The Pre-commit syntax seems simple but it’s doing a lot of heavy lifting. Pre-commit lets you load and execute hooks from remote repositories. Developers publish their Pre-commit hooks in open-source repos and each repo contains one or more hooks. In the config file, we use the repo variable to load a particular repository and the hooks variables to execute specific hooks in that repository. In our case, we’re load the pre-commit-hooks repo and executing the check-yaml hook in it. The repo contains several useful hooks which you can call by specifying their IDs under hooks.

With the config file ready, execute the hook using:

pre-commit run --all-files

If everything ran fine, you should see:

[INFO] Initializing environment for https://github.com/pre-commit/pre-commit-hooks.
[INFO] Installing environment for https://github.com/pre-commit/pre-commit-hooks.
[INFO] Once installed this environment will be reused.
[INFO] This may take a few minutes...
Check Yaml...............................................................Passed

Since our my.yaml is valid our pre-commit check passed. Make my.yaml invalid by remove the # on the first comment line (or by breaking it some other way) and run the command again.

Check Yaml...............................................................Failed
- hook id: check-yaml
- exit code: 1

mapping values are not allowed in this context
  in "my.yaml", line 2, column 10

And now check-yaml produces an error since the YAML is no longer valid.

Running pre-commit before Git commit

Running Pre-commit from the command-line is fine but we want to run this automatically before the commit. Here’s how to add the actual Git hook in place:

pre-commit install

After running the above command, check the file .git/hooks/pre-commit in your repo and you should see a call to pre-commit executing your new config file. You can also configure Pre-commit globally on all ne repos so you don’t have to manually enable it for every new repo.

Configuring different stages

Just because Pre-commit is called that doesn’t that’s all you can do with it :) There are many ways to configure Pre-commit to run in different stages such as during commits, during merges, when switching branches, etc. These stages can be configured during installation or in the configuration file.

Conclusion

There are several solutions for handling linting, formatting, security scanning, etc. You can either configure your IDE to handle them or use automation like Bitbucket Pipelines, GitHub Actions, etc. But not everyone on your team will use the same IDE. And automation only kicks in after you push your code by which time it’s too late to clean things up.

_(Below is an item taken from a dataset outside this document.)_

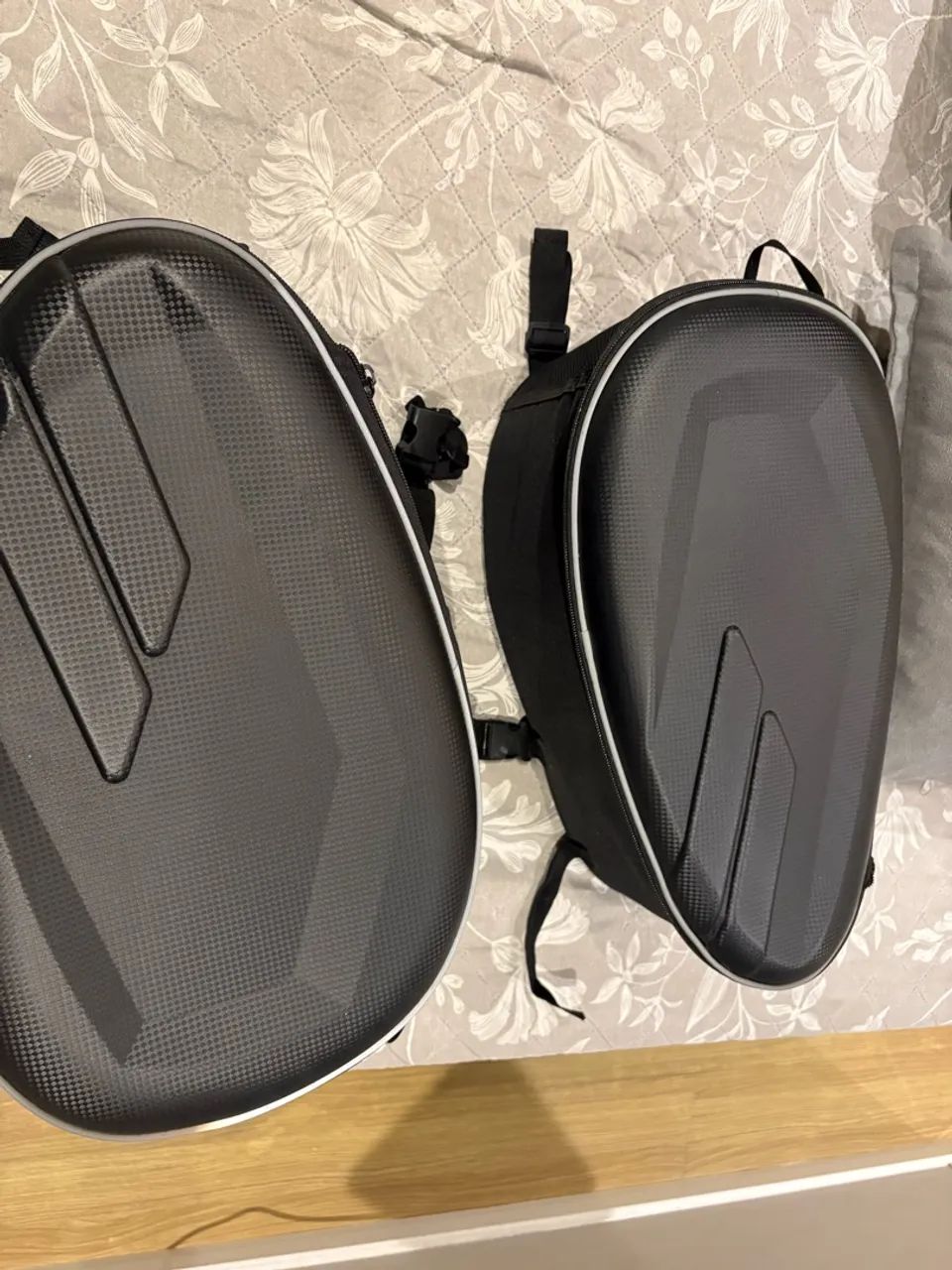 Bolsa lateral de moto 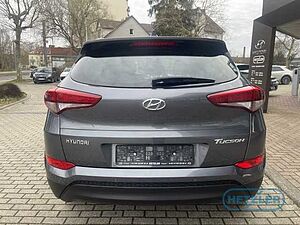 Hyundai  1.6 GDi 2WD Styline Navi Dyn. Kurvenlicht 2-Zonen-Klimaautom SHZ LenkradHZG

Pre-commit, by using Git’s in-built hooks feature, is more portable than the other solutions and guarantees a level of consistency in coding standards across your team. Since it’s configurable using a YAML file, you can update your CI standards and keep track of the hooks you’re using in the repo itself. Its plugin-based nature means you can reuse supported hooks in your project and not have to start from scratch every time. I’ve already started using Pre-commit for Terraform formatting, linting, and SAST scanning (more on that in another post) and it’s refreshing to catch issues during development and when I’m in the flow of things rather than wait for my build pipeline to report them minutes or hours later, so Pre-commit might be worth exploring for the time savings alone.